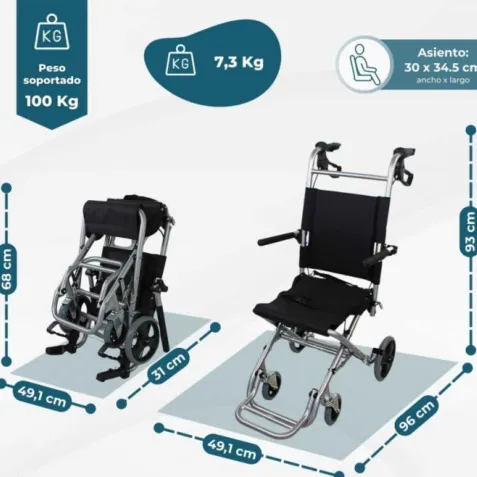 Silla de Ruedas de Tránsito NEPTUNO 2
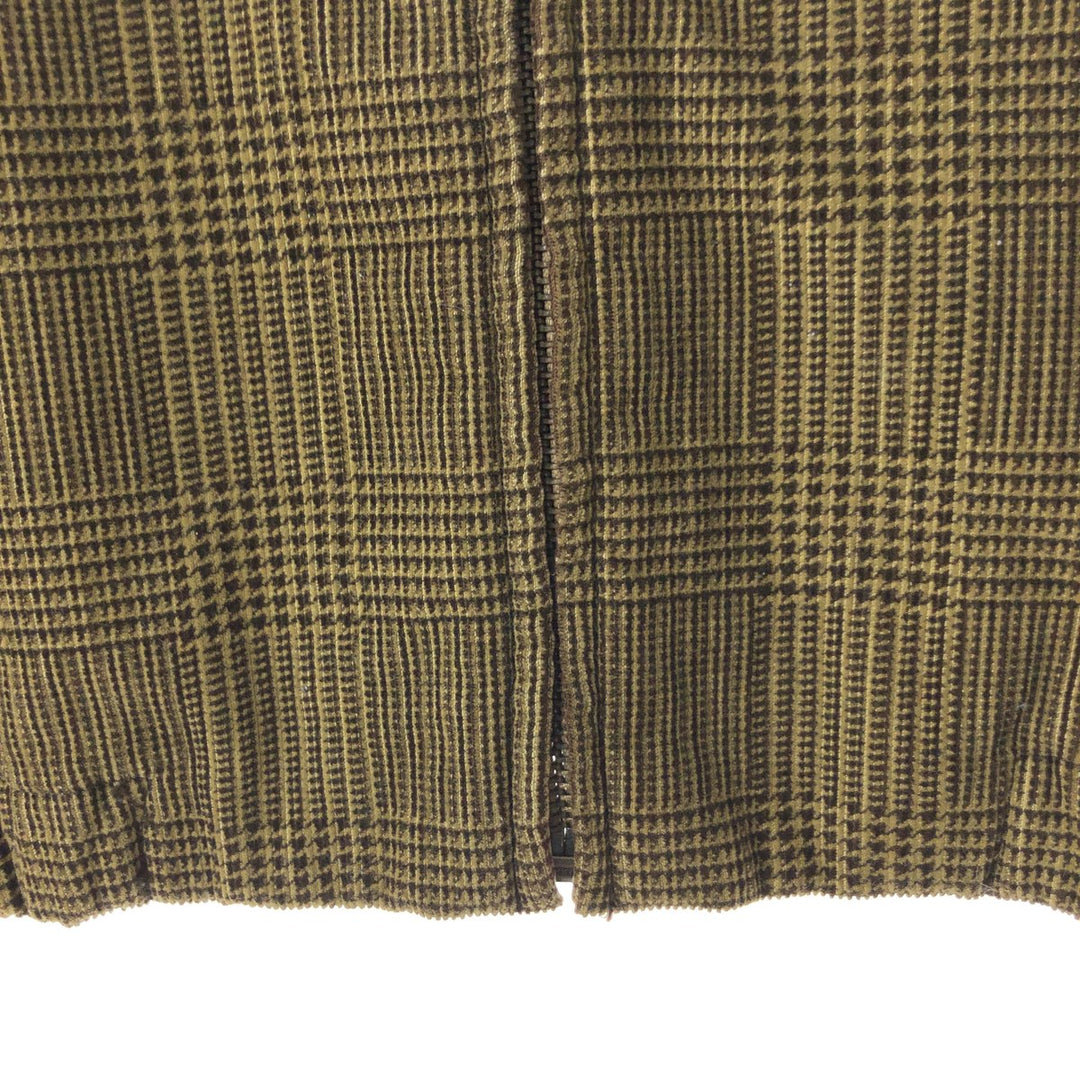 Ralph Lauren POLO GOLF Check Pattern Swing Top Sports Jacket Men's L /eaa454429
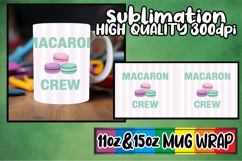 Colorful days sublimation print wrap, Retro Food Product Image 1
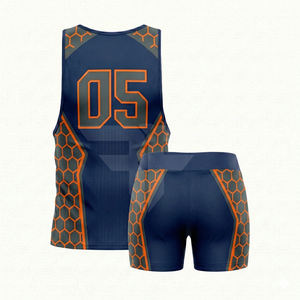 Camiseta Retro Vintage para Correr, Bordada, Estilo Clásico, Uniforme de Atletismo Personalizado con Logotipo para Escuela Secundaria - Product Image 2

——

What the exercise asks: For this exercise, return the data above exactly and leave every picture out.

Answer to this exercise:
 Silla de Ruedas de Tránsito NEPTUNO 2
 Ralph Lauren POLO GOLF Check Pattern Swing Top Sports Jacket Men's L /eaa454429
 Colorful days sublimation print wrap, Retro Food Product Image 1
 Camiseta Retro Vintage para Correr, Bordada, Estilo Clásico, Uniforme de Atletismo Personalizado con Logotipo para Escuela Secundaria - Product Image 2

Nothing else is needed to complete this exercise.